We slept in, so it was already 7 am when we hit the road. Let’s see, where shall we start? Let’s take the metro (old hat by now) to the memorial to Dr. Sun Yat-sen, the founding father of the Chinese Republic. I tried to explain to Luke that he was the equivalent to George Washington to the US, or Miguel Hidalgo to Mexico, but it took a while to sink in. Anyway, he is a revered figure throughout China, but they lay it particularly thick here in Guangzhou, so I suspect he was born here.
The memorial is solemn, but the lack of original memorabilia is noticeable. This “museum”, like many we have seen, have photos or reproductions, but no original material.
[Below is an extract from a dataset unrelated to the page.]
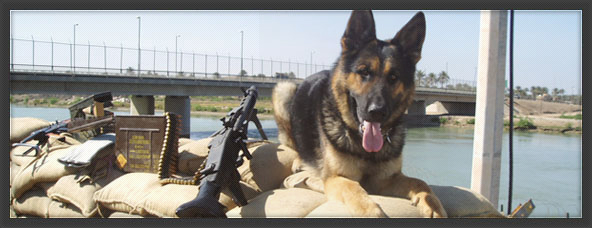 Conversion Protection K9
I wonder how much of this original material may have been lost to the ardor of the Cultural Revolution, in the late 1960’s.
To find the exception that proves the rule, we then walked to the recently excavated tomb of the second emperor of the Han dynasty (II century). Fortunately for us, the tomb was discovered in 2003, and so escaped the purge of the Cultural Revolution. The museum is interesting (but all it has is what was found in this particular tomb), and the museum store had reproduction pieces to die for. I was very tempted, but at the end took control of myself and realized I could not be carrying the piece I wanted in my backpack (now, as I write this, I am kicking myself for not buying it, because I will probably never again have the chance of buying a bronze brassier from the Han dynasty).
Throughout our tourism it has been pretty hot, so I have not told of the many breaks we have taken. Now that we know the system, we zero on a small shop, buy a soda for Luke and a beer for me, and we sit in little stools outside the shop seeing the world go by. In this particular attention we saw the technique of a potted plant merchant, who carries her pots in a bike. An amazingly large amount of people stop to contemplate the plants (only 1 in 4 had flowers), so she takes the plant out and puts it on the ground, the costumer walks around it praising its merits or tallying its defects, they argue, he walks away, she snatches the pot and puts it back on the bike, and the circus starts again. The best beer I have had so far :)
Next was a visit to Yuexiu Park, the Chapultepec of Guangzhou. Streams of people flock to this urban park, which eventually could be followed to the top of the mountain, several kilometers away. Alas, we were not so adventurous, and modestly limited ourselves to a short walk up the hill to the Guangzhou Municipal Museum. A very neat exhibition, again showing artifacts excavated after 2000, which does a good job tracking the development of the city from Neolithic times to our days. As part of the visit we saw the Five Rams monument (should be called the One Ram and four She-goats), which commemorates the legend after which the city is named: The “place” used to be a miserable hamlet in the delta of the Pearl River, with nothing to eat. Then one good day, five immortals came from heaven riding a ram and four she-goats. On their shoulders they carried stalks of rice, as a present to the humans that were starving in the delta. Ever since, the region has enjoyed incredible prosperity, being able to feed themselves with plentiful rice. So Guangzhou has two other names: “Yangcheng” or City of Goats, or “Suicheng” or City of Rice Stalks.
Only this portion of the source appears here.